The planet Earth has finally succumbed to the incessant mining, drilling, and pollution that mankind has exposed it to. Technology allowed them to do many things never thought possible, but in the end their progress could not be sustained. The ozone layer is burned out, water no longer exists in liquid form, there is not enough oxygen for man to breathe, and radiation from the sun is sent to Earth’s surface in a barrage that cannot be withstood.

Man tried living in closed ecosystems, shelters meant to defend them from the toxic atmosphere and the radically fluctuating temperatures, water evaporated on the planet’s surface and was highly inaccessible without great risk to human life. Natural disaster after natural disaster drove them underground. The subterranean was even worse. People were asphyxiated by carbon monoxide and plants could not survive without sunlight and food became incredibly scarce. Uhere was only one other place to go: Up.

The remnants of civilization now reside in a conglomerate of ships that managed to escape the surface of the planet and came to rest in a safe orbit around Earth, watching the chaos ensue from their perch above the red hell, and unable to help without dooming themselves in the process. As they quietly witness the death rattle of their home, those who survived The Exodus solemnly devised plans to keep themselves alive.

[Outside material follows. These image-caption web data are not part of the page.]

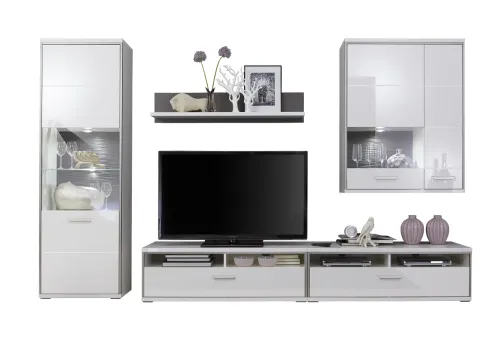 Wohnwand Trento 4 | weiß Hochglanz | 5-teilig | LED Beleuchtung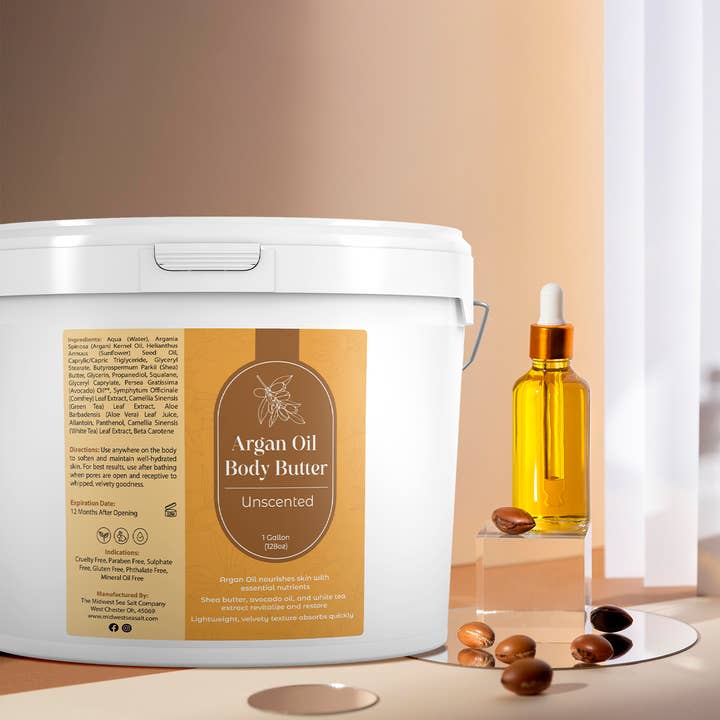 The Midwest Sea Salt Company - Wholesale Body balm/butter - Unscented Argan Oil Body Butter - 1 Gallon4
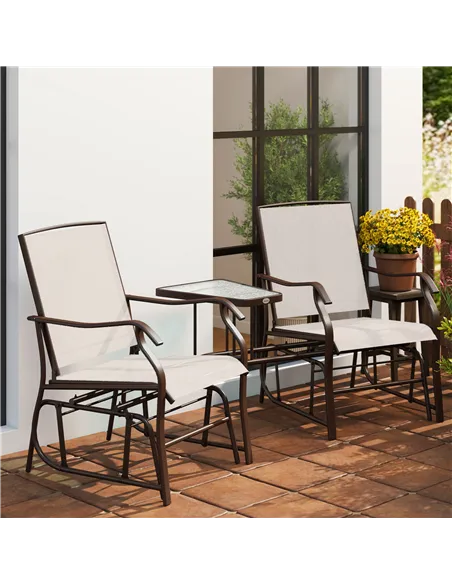 Outsunny Gliding Jack and Jill Seat, with Glass-Top Table - Brown/Beige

Jakop Huckleberry is a small but integral part of those plans. He has been training for most of his life to crew a ship whose job it is to travel back into the atmosphere of Earth in order to gather precious and vital resources. After a highly unfortunate accident Jakop loses an arm, and is forced to undergo a life saving procedure that leaves him as part man, and part machine, with a robotic limb, nanobots coursing through his blood, and a neural implant that needs an operating system and applications in order to be able to use his own body properly. With the stigma attached to him that any "mod" carries with them, he is cast out of the society that he once held dear, and he must give up his dreams of being a hero to the people. Now he must come to terms with the fact that he is looked at with pity and fear by those he once called brother and sister. He must find a way to make his life something worth living.